TASK OBJECTIVE
Output only the lines below from the one containing "Used 2019 Dodge" to the one containing "Метални здрави врати", exactly as written, both ends kept.

(Records from a data collection)
Start of Block

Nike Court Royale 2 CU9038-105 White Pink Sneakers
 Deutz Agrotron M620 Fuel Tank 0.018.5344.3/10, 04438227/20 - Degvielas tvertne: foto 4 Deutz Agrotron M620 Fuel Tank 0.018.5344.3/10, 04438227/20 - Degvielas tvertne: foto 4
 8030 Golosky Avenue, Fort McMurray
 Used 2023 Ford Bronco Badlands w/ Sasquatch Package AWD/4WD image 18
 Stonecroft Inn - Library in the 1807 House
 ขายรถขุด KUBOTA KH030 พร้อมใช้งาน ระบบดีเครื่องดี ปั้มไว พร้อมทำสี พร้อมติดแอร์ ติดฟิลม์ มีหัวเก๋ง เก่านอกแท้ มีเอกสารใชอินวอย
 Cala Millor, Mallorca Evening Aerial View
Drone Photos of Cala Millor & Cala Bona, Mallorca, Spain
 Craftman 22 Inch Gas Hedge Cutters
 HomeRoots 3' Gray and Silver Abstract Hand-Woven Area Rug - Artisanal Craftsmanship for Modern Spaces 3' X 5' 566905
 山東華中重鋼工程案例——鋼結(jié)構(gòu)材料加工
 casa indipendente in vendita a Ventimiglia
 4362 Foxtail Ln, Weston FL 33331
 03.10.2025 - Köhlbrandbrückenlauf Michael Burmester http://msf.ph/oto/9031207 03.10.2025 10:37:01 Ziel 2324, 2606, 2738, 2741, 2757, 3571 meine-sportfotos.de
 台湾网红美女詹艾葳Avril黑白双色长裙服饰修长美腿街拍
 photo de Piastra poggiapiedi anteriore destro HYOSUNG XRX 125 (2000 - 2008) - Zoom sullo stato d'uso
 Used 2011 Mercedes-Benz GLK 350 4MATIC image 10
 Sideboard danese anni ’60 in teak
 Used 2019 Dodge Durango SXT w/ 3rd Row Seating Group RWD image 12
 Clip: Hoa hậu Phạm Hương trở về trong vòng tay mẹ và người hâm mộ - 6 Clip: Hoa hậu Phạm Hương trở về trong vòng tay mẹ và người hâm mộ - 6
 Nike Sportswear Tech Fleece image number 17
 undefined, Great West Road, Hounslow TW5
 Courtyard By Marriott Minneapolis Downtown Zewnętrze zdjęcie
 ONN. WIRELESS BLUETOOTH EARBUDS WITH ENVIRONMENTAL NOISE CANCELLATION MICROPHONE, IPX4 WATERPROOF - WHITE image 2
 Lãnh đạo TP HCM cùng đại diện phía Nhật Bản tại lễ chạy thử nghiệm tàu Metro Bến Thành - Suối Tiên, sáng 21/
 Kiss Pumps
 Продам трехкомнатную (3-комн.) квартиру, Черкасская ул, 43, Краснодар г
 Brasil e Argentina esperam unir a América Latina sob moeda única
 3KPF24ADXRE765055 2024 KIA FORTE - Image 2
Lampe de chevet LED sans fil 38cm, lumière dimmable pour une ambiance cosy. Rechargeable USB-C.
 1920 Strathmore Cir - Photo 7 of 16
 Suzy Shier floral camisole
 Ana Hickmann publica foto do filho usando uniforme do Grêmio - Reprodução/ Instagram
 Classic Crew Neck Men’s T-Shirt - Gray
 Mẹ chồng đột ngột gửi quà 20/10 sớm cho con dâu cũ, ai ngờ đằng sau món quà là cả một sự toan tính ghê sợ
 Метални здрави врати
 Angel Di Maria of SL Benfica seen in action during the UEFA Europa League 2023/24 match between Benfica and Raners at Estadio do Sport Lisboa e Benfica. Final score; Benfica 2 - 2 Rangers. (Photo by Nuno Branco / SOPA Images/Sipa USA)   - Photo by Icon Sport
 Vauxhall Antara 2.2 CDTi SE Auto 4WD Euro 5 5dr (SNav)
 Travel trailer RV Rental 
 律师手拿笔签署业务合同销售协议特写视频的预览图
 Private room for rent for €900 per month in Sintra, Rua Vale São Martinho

End of Block

RESPONSE TO THIS TASK
 Used 2019 Dodge Durango SXT w/ 3rd Row Seating Group RWD image 12
 Clip: Hoa hậu Phạm Hương trở về trong vòng tay mẹ và người hâm mộ - 6 Clip: Hoa hậu Phạm Hương trở về trong vòng tay mẹ và người hâm mộ - 6
 Nike Sportswear Tech Fleece image number 17
 undefined, Great West Road, Hounslow TW5
 Courtyard By Marriott Minneapolis Downtown Zewnętrze zdjęcie
 ONN. WIRELESS BLUETOOTH EARBUDS WITH ENVIRONMENTAL NOISE CANCELLATION MICROPHONE, IPX4 WATERPROOF - WHITE image 2
 Lãnh đạo TP HCM cùng đại diện phía Nhật Bản tại lễ chạy thử nghiệm tàu Metro Bến Thành - Suối Tiên, sáng 21/
 Kiss Pumps
 Продам трехкомнатную (3-комн.) квартиру, Черкасская ул, 43, Краснодар г
 Brasil e Argentina esperam unir a América Latina sob moeda única
 3KPF24ADXRE765055 2024 KIA FORTE - Image 2
Lampe de chevet LED sans fil 38cm, lumière dimmable pour une ambiance cosy. Rechargeable USB-C.
 1920 Strathmore Cir - Photo 7 of 16
 Suzy Shier floral camisole
 Ana Hickmann publica foto do filho usando uniforme do Grêmio - Reprodução/ Instagram
 Classic Crew Neck Men’s T-Shirt - Gray
 Mẹ chồng đột ngột gửi quà 20/10 sớm cho con dâu cũ, ai ngờ đằng sau món quà là cả một sự toan tính ghê sợ
 Метални здрави врати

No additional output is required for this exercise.